Concurso Curta Ecofalante
Este ano, a competição entre curtas-metragens realizados em universidades e cursos audiovisuais exibe 18 produções, que representam os estados da Bahia, Ceará, Maranhão, Paraná, Pernambuco, Rio de Janeiro, Rio Grande do Norte, Rio Grande do Sul e São Paulo.
Sessão especial
Exibe Mulheres na Conservação, dirigido pela jornalista Paulina Chamorro e pelo fotógrafo João Marcos Rosa.
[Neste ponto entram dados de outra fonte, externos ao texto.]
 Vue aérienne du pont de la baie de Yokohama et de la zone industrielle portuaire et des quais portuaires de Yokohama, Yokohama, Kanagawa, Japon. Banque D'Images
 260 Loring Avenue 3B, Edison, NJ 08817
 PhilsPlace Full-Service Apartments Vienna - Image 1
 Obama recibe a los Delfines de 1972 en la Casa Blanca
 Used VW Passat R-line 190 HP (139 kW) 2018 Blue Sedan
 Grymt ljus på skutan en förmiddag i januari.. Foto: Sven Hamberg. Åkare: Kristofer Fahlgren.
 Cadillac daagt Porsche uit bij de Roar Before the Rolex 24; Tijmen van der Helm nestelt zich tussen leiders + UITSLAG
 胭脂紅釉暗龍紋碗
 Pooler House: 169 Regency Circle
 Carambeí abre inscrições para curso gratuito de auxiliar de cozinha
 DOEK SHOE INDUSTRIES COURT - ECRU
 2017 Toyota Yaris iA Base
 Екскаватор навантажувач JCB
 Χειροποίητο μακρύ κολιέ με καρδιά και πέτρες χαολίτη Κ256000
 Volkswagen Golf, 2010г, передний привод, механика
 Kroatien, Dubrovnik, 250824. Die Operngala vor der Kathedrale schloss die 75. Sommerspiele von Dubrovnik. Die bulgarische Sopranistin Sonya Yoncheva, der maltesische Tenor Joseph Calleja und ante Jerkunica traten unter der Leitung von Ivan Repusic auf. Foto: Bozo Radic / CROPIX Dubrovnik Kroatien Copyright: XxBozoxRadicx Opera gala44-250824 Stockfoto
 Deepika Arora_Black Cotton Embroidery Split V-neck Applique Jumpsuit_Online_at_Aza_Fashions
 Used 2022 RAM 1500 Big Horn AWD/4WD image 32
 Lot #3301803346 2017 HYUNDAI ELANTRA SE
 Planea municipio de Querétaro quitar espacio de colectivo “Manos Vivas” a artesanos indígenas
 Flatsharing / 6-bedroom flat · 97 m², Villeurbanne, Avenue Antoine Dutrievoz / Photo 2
O documentário, desenvolvido a partir da websérie homônima patrocinada pela Fundação Toyota, mostra o trabalho realizado por sete mulheres que lutam pela conservação da biodiversidade no país e que são referência em suas áreas de atuação.
Realidade Virtual
Assinado por Estêvão Ciavatta (de Amazônia Sociedade Anônima, exibido na 9ª edição da Ecofalante), Amazônia Viva tem, como protagonista, a cacica Raquel Tupinambá, da comunidade de Surucuá (Reserva Extrativista Tapajós Arapiuns, no Pará), que guia o espectador em uma viagem pelo rio Tapajós, em um passeio virtual em 360º.
Sessão infantil
Este ano, o destaque fica para o longa A Viagem do Príncipe, de Jean-François Laguionie e Xavier Picard, exibido nos festivais de Locarno, Roterdã, BFI Londres e na Mostra Internacional de Cinema, em São Paulo.